This is a big deal. When more memory can be packed into a smaller space on flash memory cards, the price-per-gig drops. As the capacity of these energy-sipping memory cards increases, they become more practical for use in everyday devices such as laptops, replacing spinning hard drives and promising such features as instant-on, smaller size, less heat and enhanced energy efficiency. We can't wait to see the impact of this technology, expected to hit the market by 2009.
Cool stuff. My next computer will not have spinning drives.
Have they ever solved the problem that after you had written to the same spot on the drive a number of times that spot was now no longer viable?

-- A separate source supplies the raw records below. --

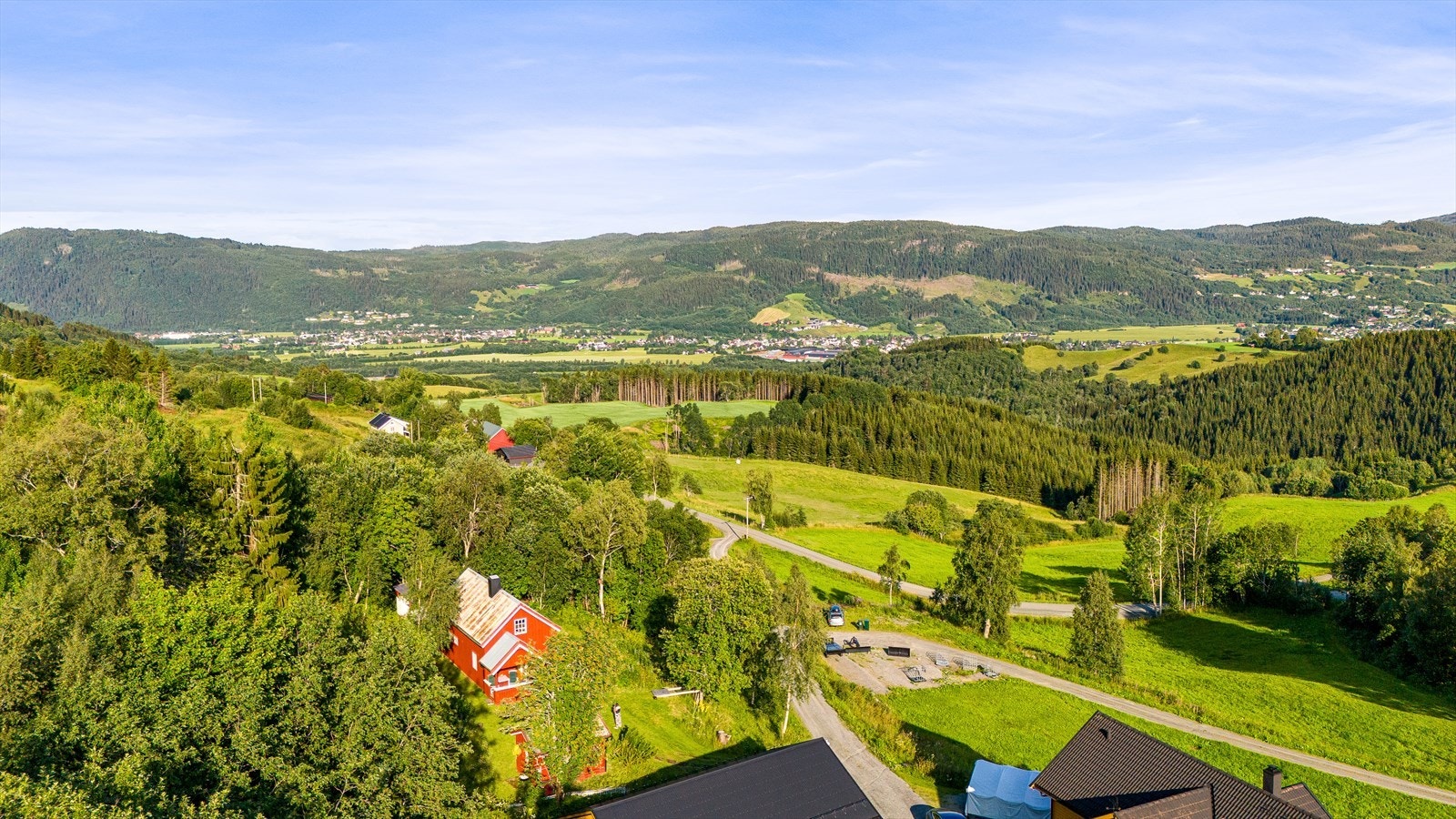 Drone over området Galleribilde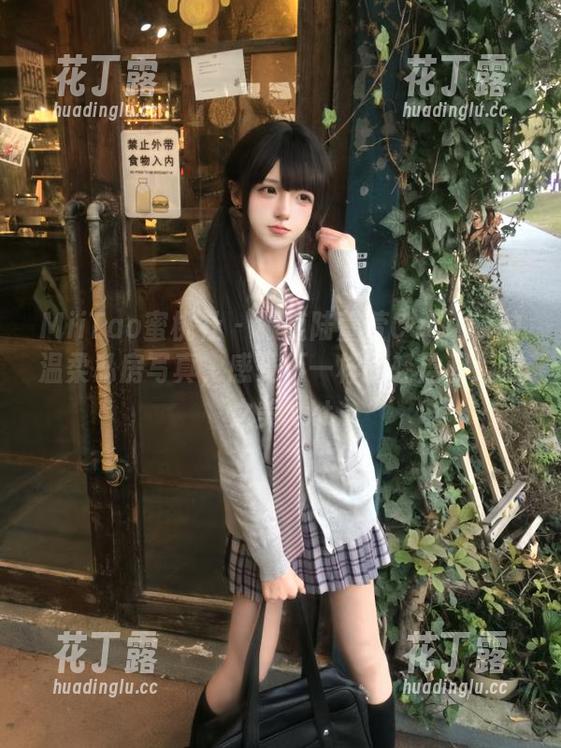 MiiTao蜜桃社-陆萱萱Cecilia MiiTao蜜桃社 - 跟随陆萱萱Cecilia的温柔私房写真,感受不一样的轻盈和浪漫之美.txt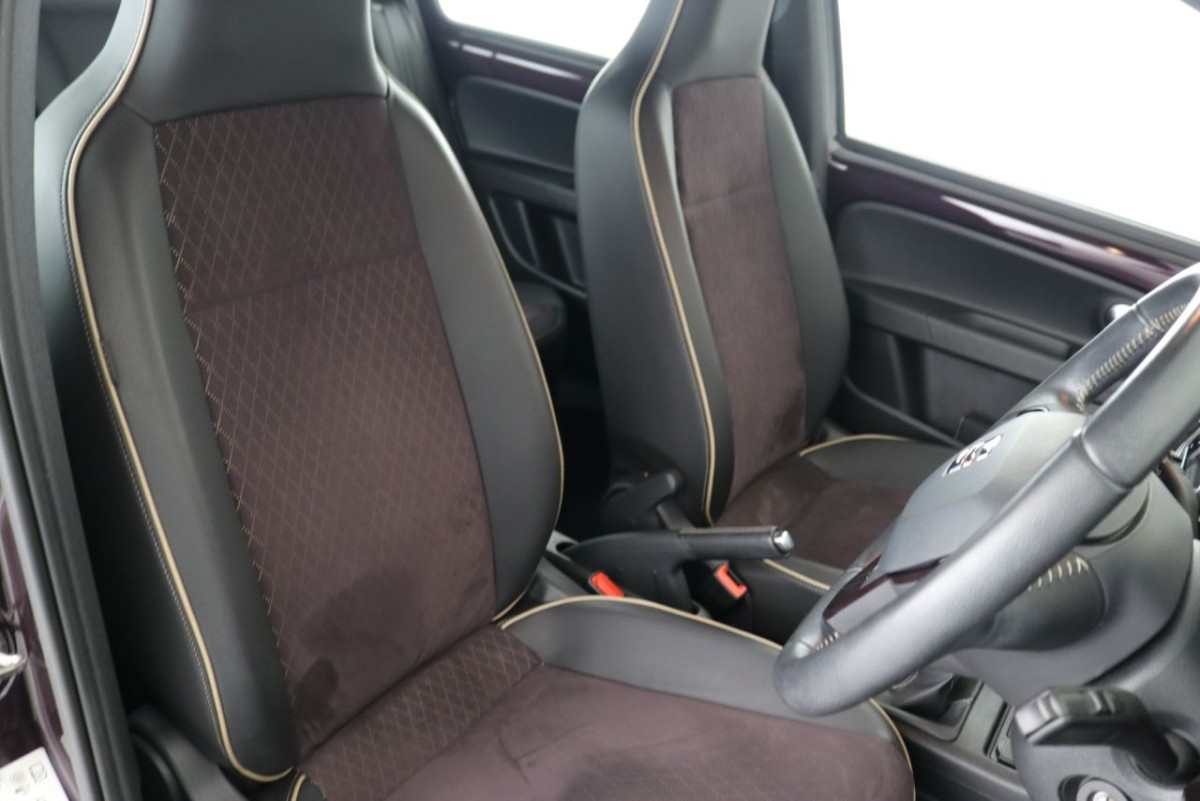 SEAT MII 1.0 BY COSMOPOLITAN 5D 74 BHP - 2018 - £8,990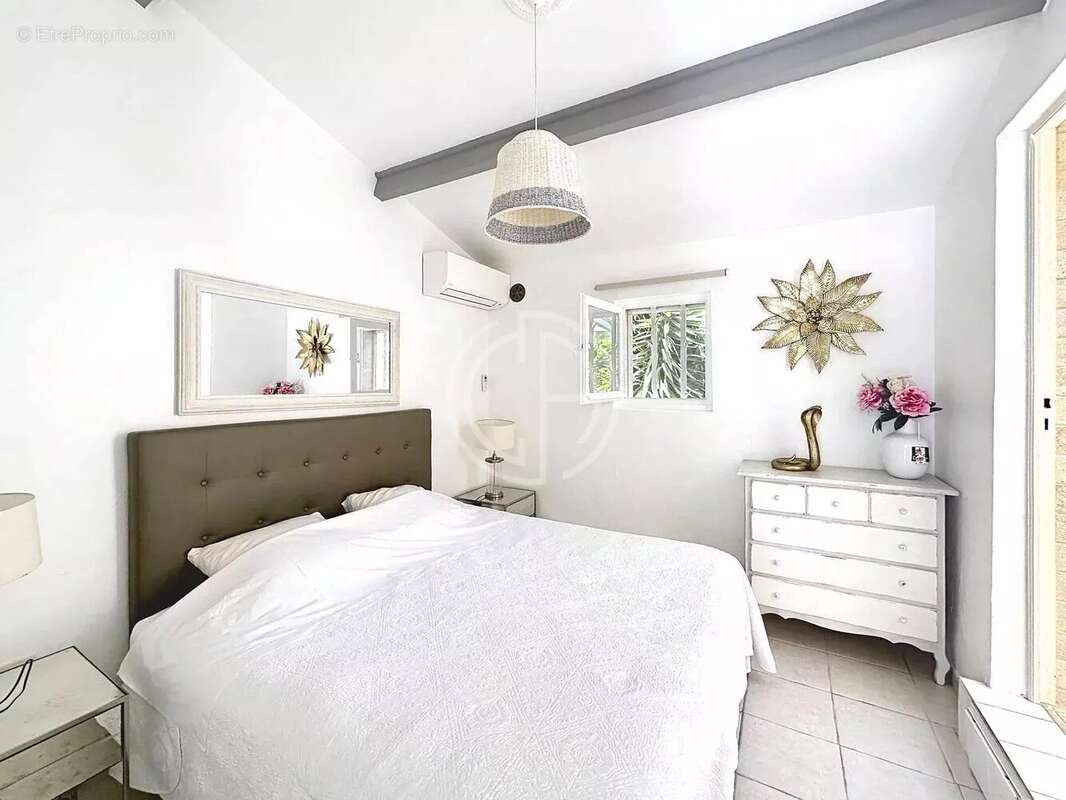 Maison à MOUANS-SARTOUX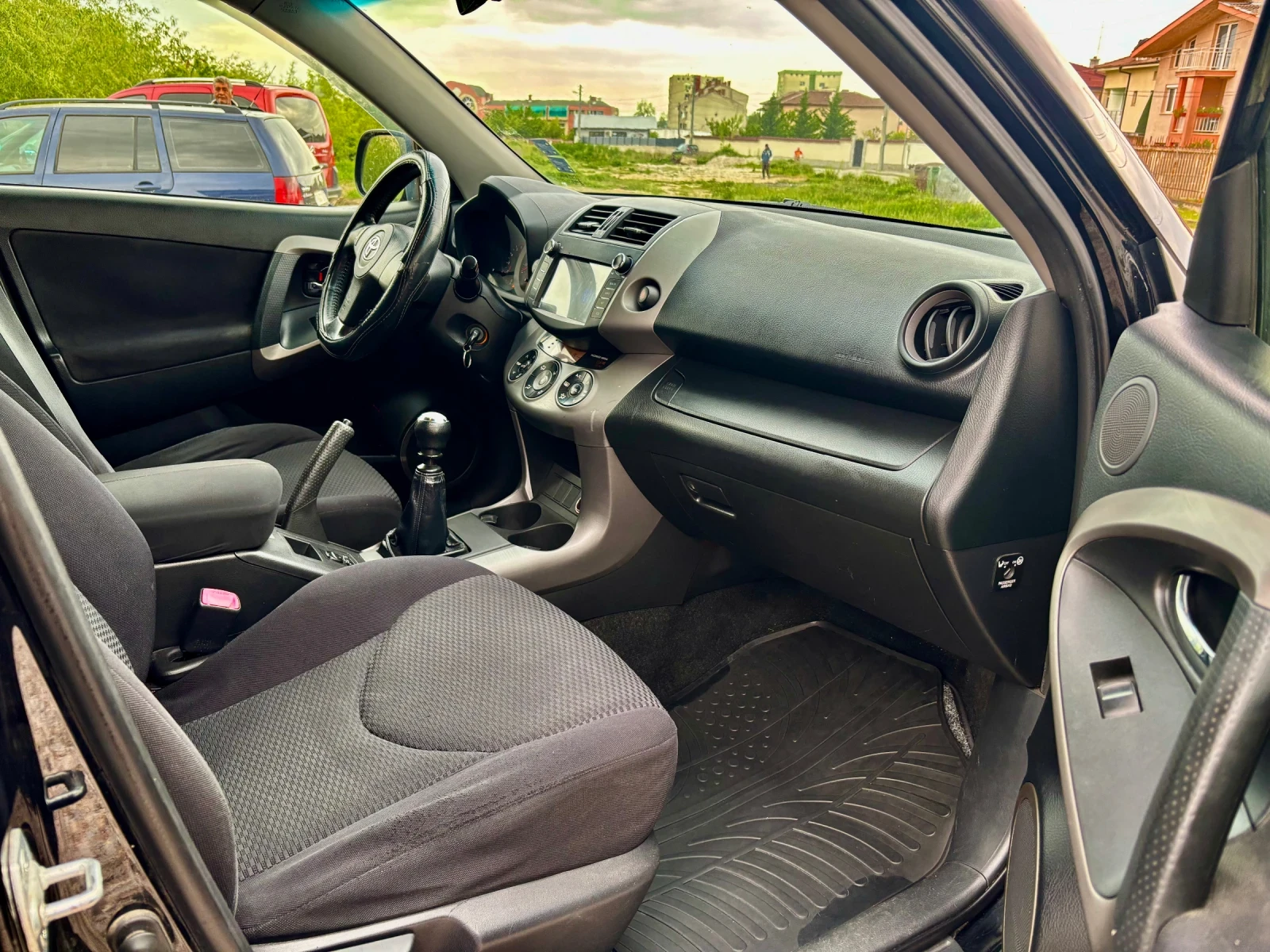 Toyota Rav4 2.2 D4D 136 кс, снимка 10 - Автомобили и джипове - 54457508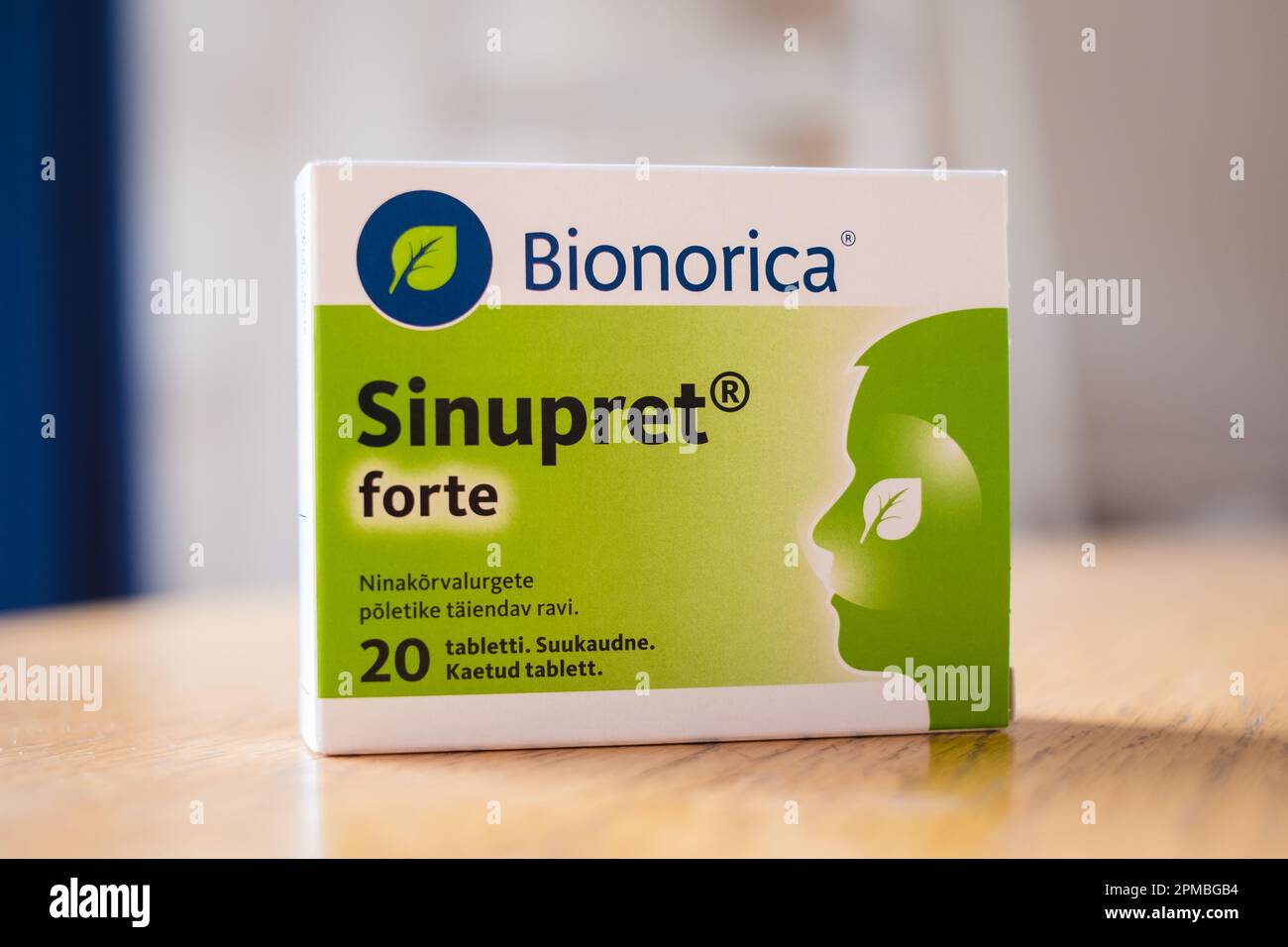 Tallinn, Estland - 9. April 2023: Sinupret Forte Tabletten von Bionorica Kräutermedizin zur Behandlung akuter, unkomplizierter Entzündungen der Nasennebenhöhlen Stockfoto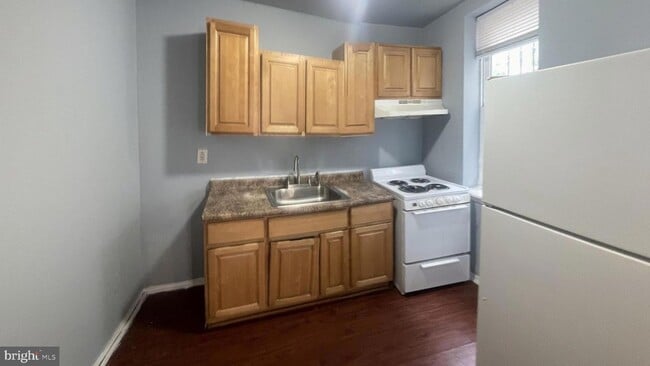 Primary Photo - 1235 W Hazzard St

I remember that being an issue early on; it’s why I don’t own any of these devices.
Nope.
Supposedly NAND flash, the type used for these HD replacements, is not subject to the wearing-out problem.
That same problem would certainly apply to a mechanical device like a hard drive.
I have several 1G and 2G SD chips in various devices, and have never seen any decreases in capacity. And I over-write a lot.
Are you sure you're not thinking of re-writable CDs?
One gets many more write-read-erase-write cycles with spinning media than with the current flash devices.
What, something about how 30 cm diameter highly powerful magnifying glasses are the latest hot sexual aid in Japan?
There was a show on one of the cable channels more than a year ago about futuristic computer technology. One technology used magnets as storage devices. The capacity for storage was virtually limitless.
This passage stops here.